The Deafening Silence
No, I haven't died or gone away. I've just been really, really busy. I want a job again just so I can slow down! :-)

To those of you who took the time to write to me (for one reason or another), thanks for the support. It's all a bit frustrating, even when you know that it has nothing to do with you.

The last few weeks I've been doing "Daddy Daycare" while Anne has been back at work. It's actually a lot of fun, but I don't get all that much done with Luc around. Fortunately Luc has started at daycare this week, so I've started to catch up on what I'm trying to do. Unfortunately, we were struggling before Luc started at daycare. Now that he's there we are rapidly going backwards again. Hopefully I'll have work again soon.

For a start, I'm writing lots of job applications. Ideally, I want to continue the OWL work (more on that shortly), but if I can't organise something that can pay me soon, then I'll have to take something more immediate that will take me away from it. Hopefully not, but I have to keep my options open.

Ideally, I'll continue on OWL development for Kowari until I have a working, scalable implementation. This should also get me to a point of submitting my Masters thesis. Once I have accomplished both of those, I'd like to use whatever contacts I've made to try to find work in America. I have only done very short working trips overseas before, and I want to get the experience that only a few years abroad can provide.

I'm going to have to take the time to write up a lot of technical details on what I've learnt recently, but for the time being I'll try give an overview.

I'm definitely continuing OWL inferencing work. That is the basis for the Masters, so it is important to me to keep it up. How much time I can put into keeping it up will be determined by the work I find, but I'll be doing it nonetheless.

The Rete algorithm seems to be the best approach I can take to the rules system. I was wondering how far it would get me after having used Drools for RDFS, but I had a conversation at the W3C day of the Evolve conference which made me look at it more carefully. Consequently I found the original paper by Charles Forgy, and the contents were quite enlightening.

For a start, Rete is for managing changing data. That's very interesting for adding and removing data, but it means that it isn't useful for doing a full set of inferences over an entire system. My plan has been to do the full set of inferences, with change management to come later, so Rete would appear to be of little interest to me at this point.

However, a closer analysis of what Rete is trying to do shows that it can offer Kowari something after all. For a start, it makes the assumption that finding and processing data means iterating over all of the data. This is normally the case, but it doesn't apply to Kowari. Because each index is an instance of the data, and because we index in every possible direction, we can find all the data which matches a constraint with a pair of binary searches. We can also count the size of the result quickly and easily by stepping over the blocks in the AVL tree. This means that there is very little cost to finding all the data again.
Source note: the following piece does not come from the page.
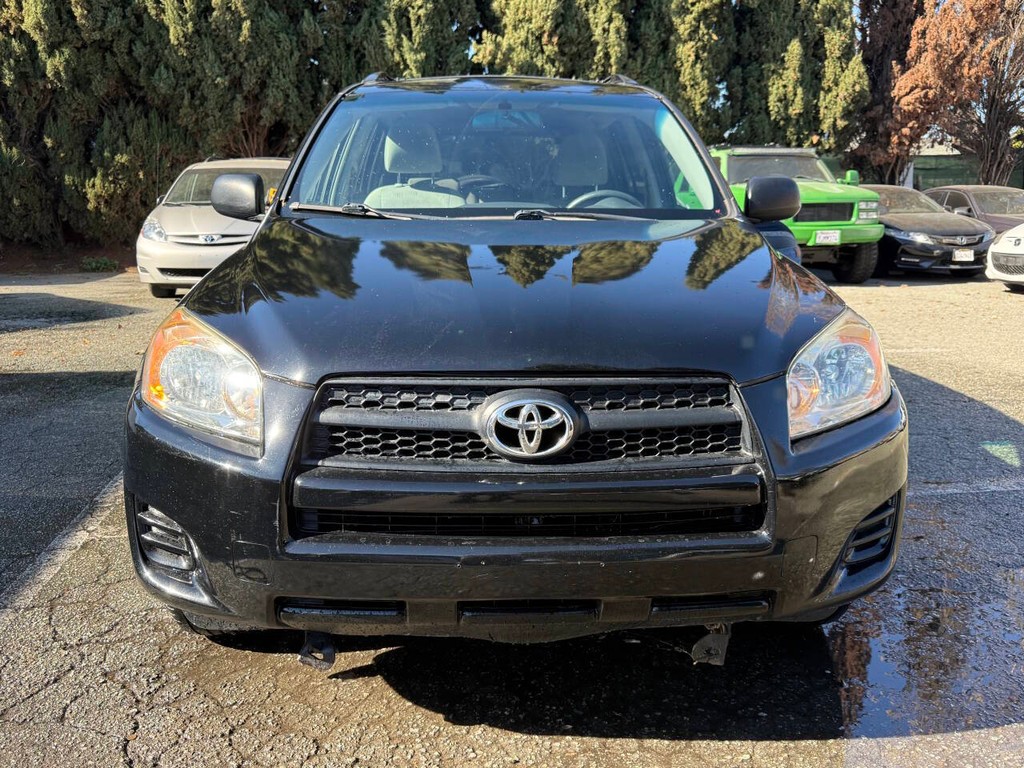 Toyota RAV4 Vehicle Full-screen Gallery Image 06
Rete is only supposed to be useful for changing data because it avoids finding all of the data for each node again. However, if all the data on each node can be retrieved on each iteration, then the algorithm would also be useful for performing the rules on a complete data set. Using semi-naƮve evaluation would also permit the nodes with unchanged results to be avoided most of the time. The result is that a hybrid of the Rete algorithm may allow Kowari to scalably perform all the rules on the entire data set.
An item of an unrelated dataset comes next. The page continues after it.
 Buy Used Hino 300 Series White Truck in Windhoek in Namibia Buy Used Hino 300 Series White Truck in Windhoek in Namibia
I've also worked out that the nodes in this Rete hybrid are not the rules at all. Instead, they are generally the constraints which make up individual queries. The efficiencies of the Rete algorithm mean that any shared nodes will only execute their work once. This will have real benefits to the execution of the full queries within the rules framework, though it will need some re-working of the query code, particularly in terms of caching.

Having a scalable solution operating on the entire dataset will certainly be a first step. It will be inefficient for minor modifications on large systems, but it will still work. Once this is going then, I can move onto the "change" problem. At this stage it looks like a standard Rete graph will perform the rules in these circumstances quite well. It rules data will look similar to the hybrid, but the execution would differ.

Anyway, it's really late now and I'm barely coherent. I'll put this away for the moment and come back to the description when I can actually look at the screen without my eyes closing involuntarily. :-)

1 comment:

Rob said...

Hey Paul. A lady from diversiti is "urgently seeking" J2EE developers for positions at Suncorp. I told her I knew a some highly skilled Developers looking for work. If you like I can pass your details on to her.